UNIVERSITY PARK, PA.- The Palmer Museum of Art at Penn State announced the opening of When the Water Rises: Recent Paintings by Julie Heffernan.
Contemporary artist Julie Heffernans paintings explore imaginative scenarios and alternative habitats as her personal response to the threat of environmental disasters. In the wake of recent calamities like Hurricane Katrina and Superstorm Sandy, Heffernan imagines fantastical worlds in trees or on rafts as waters rise across the globe. Topical references to ISIS, Syrian refugees, and the debate surrounding climate change emerge in the eleven monumental canvases featured in the exhibition. Figures in the works that create, tend, and nurture suggest that humans can adapt to a changing environment even as they allude to environmental systems on the verge of collapse.
Julie's work addresses excess and its relationship to climate change, issues that become more relevant, more pressing, each day, said Courtney Taylor, the curator of the exhibition and curator at LSU Museum of Art and the Shaw Center for the Arts. The beauty of her paintings pulls us in to consider these fraught issues in addition to considering these catastrophes and our complicity, we're pushed to consider our response. Heffernans paintings, she said, suggest a response that can be more creative, empathetic, and in sync with the larger picture and the environment.
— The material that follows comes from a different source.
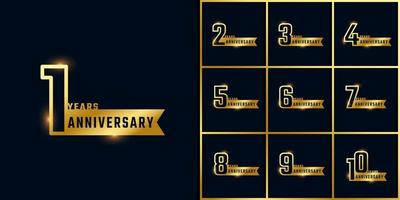 Set of Year Anniversary Celebration with Shiny Outline Number Golden Color for Celebration Event, Wedding, Greeting card, and Invitation Isolated on Dark Background vector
Palmer curator Joyce Robinson agrees. Heffernan is a remarkable painter. Her intricately detailed paintings evoke both the frightening allegories of Hieronymus Bosch and the sublime vistas of Thomas Cole or Albert Bierstadt.
We are delighted to host this exhibition of a major figure in the contemporary art world, said Erin Coe, director of the Palmer Museum of Art. We encourage our community and visitors to the region this summer to take advantage of this opportunity to view these provocative works.
Julie Heffernan received her M.F.A. in Painting from Yale University and a B.F.A. from the University of California, Santa Cruz. Her work is represented in major museum collections including the Brooklyn Museum, McNay Art Museum, Virginia Museum of Fine Arts, and the Palmer Museum of Art. A former professor of painting at Penn State, Heffernan resides in Brooklyn and is a professor of fine arts at Montclair State University. She is represented by P.P.O.W in New York and Catharine Clark in San Francisco.
When the Water Rises was organized by the LSU Museum of Art in Baton Rouge, Louisiana, and is accompanied by a fully illustrated catalogue, which is available for purchase in the Palmer Museum Store.